La garde en milieu fermé et les moyens de contention soulèvent de graves questions sur le plan des droits fondamentaux. L’Advocacy Centre for the Elderly souligne qu’aucune disposition législative ne confère aux établissements le pouvoir d’immobiliser ou d’enfermer leurs pensionnaires, sauf dans de très rares cas. Il y a bien parfois des motifs légitimes sur le plan de la sécurité pour détenir des personnes âgées qui, par exemple, ont des problèmes mentaux ou constituent un danger pour elles-mêmes. En dehors de ces cas, la détention pose problème. Par exemple, certains établissements ont comme politique d’empêcher leurs pensionnaires de sortir sans être accompagnés. Ces questions peuvent être difficiles à résoudre puisqu’il n’y a aucun moyen de contester de telles détentions autrement qu’en s’adressant à un tribunal.

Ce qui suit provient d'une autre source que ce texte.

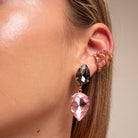 Ear Cuff Triple Rose - Piedra de Toque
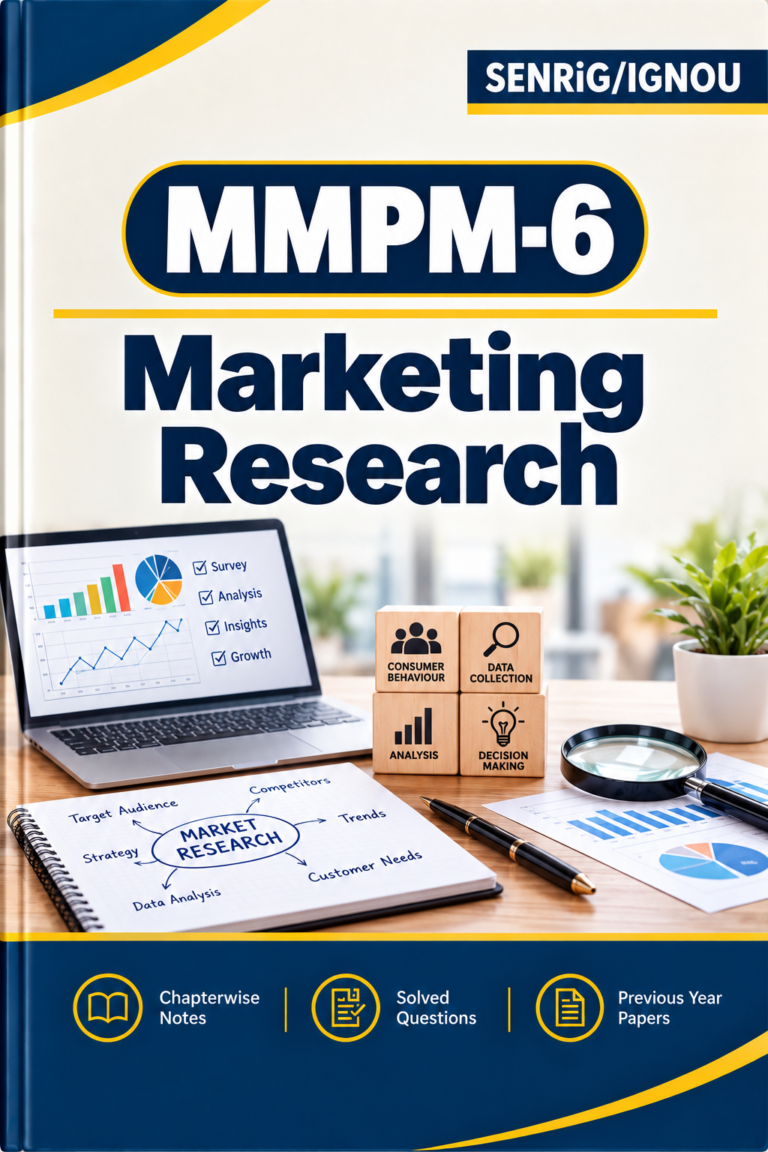 IGNOU MMPM-6 Help Book In English At shop.senrig.in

De nombreux organismes ont évoqué devant la Commission l’importance d’offrir aux personnes âgées des options de logement qui reconnaissent et qui soutiennent leur diversité. Le manque de services culturellement adaptés peut facilement amener les personnes âgées à se sentir isolées et seules. On s’est dit préoccupé, par exemple, par le manque général de formation aux questions concernant la population GLBT au sein du secteur des maisons de retraite. On peut desservir des communautés diverses en offrant des soutiens et de la sensibilisation dans des maisons de retraite ou des foyers de soins de longue durée destinés à tous, ou en créant des établissements spécialisés pour répondre aux besoins de communautés particulières telles que la population GLBT ou la communauté afro-canadienne. Le Secrétariat aux affaires des personnes âgées de l’Ontario a très récemment produit une trousse destinée aux établissements résidentiels pour personnes âgées, intitulée Diversité dans l’action, qui donne des indications utiles aux maisons de retraite et de soins de longue durée sur la façon d’offrir des services respectueux et culturellement adaptés aux personnes âgées provenant de divers horizons[52].

 

D. Conclusions

Le principe de vieillir chez soi est au cœur de tous les débats sur les conditions de logement des personnes âgées. Par ailleurs, même si seulement une minorité d’aînés vit en établissement, ces milieux doivent, parce qu’ils soulèvent des questions particulières et complexes, être examinés attentivement lors de l’élaboration d’un cadre utile. Les aspects à considérer sont entre autres les suivants :

  • De quels soutiens, systèmes ou textes a-t-on besoin pour mettre en œuvre le principe de vieillir chez soi ?
  • Comment peut-on faciliter l’autonomie et la participation à la collectivité dans un établissement ?
  • Quels systèmes et quelles normes peuvent le mieux garantir la sécurité physique et affective des personnes âgées qui vivent en établissement ?
  • Comment peut-on concilier les droits des pensionnaires des établissements dans ce qui est, après tout, leur domicile et ceux des travailleurs qui s’occupent d’eux ?
  • Quel est le meilleur moyen d’offrir des services adaptés aux personnes âgées qui proviennent de divers horizons ?
  • Comment peut-on élaborer de bons mécanismes pour faire respecter les droits des personnes âgées lorsque celles-ci dépendent, pour leurs soins, des personnes ou des établissements mêmes qui ont violé ces droits ?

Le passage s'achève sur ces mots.